A blended experimental and computational approach to assess control of standing balance

With age, our ability to complete seemingly simple activities of daily living declines. Older adults move slower, less accurate and more often lose their balance resulting in frequent falls, which might lead to significant injuries requiring medical attention and leading to loss of independence. Age is associated with declines in muscle strength, sensory acuity, motor acuity and cognitive ability, but our understanding of the relative contribution of these different neural and muscular changes in sensorimotor function to reduced balance control is incomplete. This hampers the design and selection of prevention and rehabilitation therapies and devices that aim to maintain or restore efficient balance control in order to prevent falls.

The combination of experimental data and model-based simulations has much potential to advance our understanding of the mechanisms underlying balance control.
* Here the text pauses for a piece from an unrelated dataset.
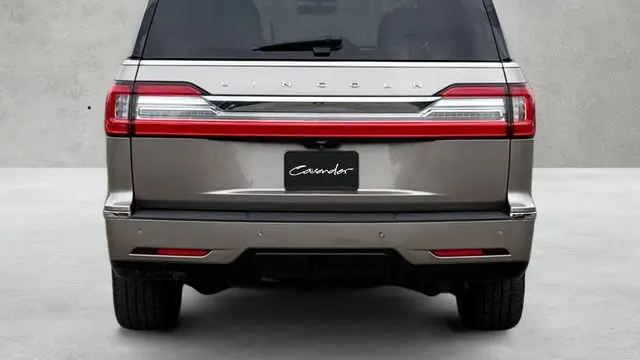2018 Lincoln Navigator Select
Such blended experimental-computational approach has mainly been applied to study the relation between muscular and skeletal properties and movement, but has been used less to study how limitations in the central nervous system affect human movement coordination. The efficient and accurate integration of sensory feedback signals by the central nervous system is key to perform skillful movement but is always imperfect and seems to deteriorate as we age.

The main aim of this thesis was to identify how different age-related changes in the neuro-musculoskeletal system affect reactive balance performance, and how resistance and perturbation training, an established and novel intervention respectively, improve balance control. This overall goal was tackled using a blended experimental-computational approach. Experiments involved a protocol, quantifying balance performance, strength, sensory acuity and motor acuity in both young and older adults. This allowed testing associations between sensorimotor function and reactive balance performance. Experiments were complemented with optimal control simulations based on neuro-musculoskeletal models and were applied to test whether the experimentally established associations might be causal. Four studies were executed to accomplish the overall goal.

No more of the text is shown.